And when a stranger dwells with you and wants to keep the Passover to the Lord, let all his males be circumcised, and then let him come near and keep it; and he shall be as a native of the land. For no uncircumcised person shall eat it. One law shall be for the native-born and for the stranger who dwells among you.” (Exodus 12:48-49)
As we said yesterday, God has never prevented those who weren’t born into the family of Abraham from joining the family; He just always made it clear that if you are going to be part of the family, then you need to acknowledge the covenantal relationship between Israel and the Almighty. But if that “stranger” entered into the covenant, he was to be acknowledged as one of the family. According to the Jewish commentator, Ibn Ezra, there was to be no distinction between him and the native born Israeli.
Another Jewish commentator named Paul had a lot to say about this as well. Again and again, he made the point that, in Messiah, there should not be walls of division between the Jew and those who have come to faith in the Jewish Messiah. He said it this way:
For as many of you as were baptized into Messiah have put on Messiah. There is neither Jew nor Greek, there is neither slave nor free, there is neither male nor female; for you are all one in Yeshua Messiah. And if you are Messiah’s, then you are Abraham’s seed, and heirs according to the promise. (Galatians 3:27-29)
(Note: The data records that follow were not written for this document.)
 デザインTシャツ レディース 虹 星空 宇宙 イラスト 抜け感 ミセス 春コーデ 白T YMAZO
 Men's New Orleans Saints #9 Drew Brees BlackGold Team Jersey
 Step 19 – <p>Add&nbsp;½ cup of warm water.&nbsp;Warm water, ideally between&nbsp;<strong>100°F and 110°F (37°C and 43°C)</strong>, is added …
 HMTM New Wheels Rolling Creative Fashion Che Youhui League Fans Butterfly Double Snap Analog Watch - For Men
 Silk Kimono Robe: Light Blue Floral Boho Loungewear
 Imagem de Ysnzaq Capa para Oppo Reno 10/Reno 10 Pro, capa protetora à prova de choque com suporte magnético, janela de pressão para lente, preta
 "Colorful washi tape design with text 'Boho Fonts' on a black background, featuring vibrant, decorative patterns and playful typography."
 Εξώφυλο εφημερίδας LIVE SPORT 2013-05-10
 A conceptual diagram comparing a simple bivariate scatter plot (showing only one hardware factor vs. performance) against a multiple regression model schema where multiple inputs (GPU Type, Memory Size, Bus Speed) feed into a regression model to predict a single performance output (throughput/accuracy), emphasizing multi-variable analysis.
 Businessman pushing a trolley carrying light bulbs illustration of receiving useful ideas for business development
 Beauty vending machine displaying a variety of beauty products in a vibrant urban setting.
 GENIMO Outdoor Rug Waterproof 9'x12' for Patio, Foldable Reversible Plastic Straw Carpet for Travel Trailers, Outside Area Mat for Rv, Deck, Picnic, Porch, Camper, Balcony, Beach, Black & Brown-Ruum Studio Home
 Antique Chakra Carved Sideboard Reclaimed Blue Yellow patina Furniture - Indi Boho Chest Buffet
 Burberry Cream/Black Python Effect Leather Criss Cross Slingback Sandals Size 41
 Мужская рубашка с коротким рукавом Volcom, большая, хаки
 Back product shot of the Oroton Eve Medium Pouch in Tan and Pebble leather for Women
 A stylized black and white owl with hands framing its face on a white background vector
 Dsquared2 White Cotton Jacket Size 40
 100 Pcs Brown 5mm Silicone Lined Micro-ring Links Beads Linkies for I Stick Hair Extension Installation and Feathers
The key phrase in these verses is “You are all one in Messiah.” That is the point of a covenant — to be united with each other and be one. That is why the Creator stipulated that any stranger that wanted to come into the family had to adopt the ways of the family. He couldn’t bring another way to do things into the family and expect that the family be united. To be one, God’s people have to do things the way He has prescribed and follow the path that He has ordained. His way and His purpose is embodied in the Messiah which is why those who are in Messiah are accounted as the seed of Abraham and have access to the promise. Let us then resolve to be one people, under the headship of our King, and live as family — united in faith and holding fast to the same promise.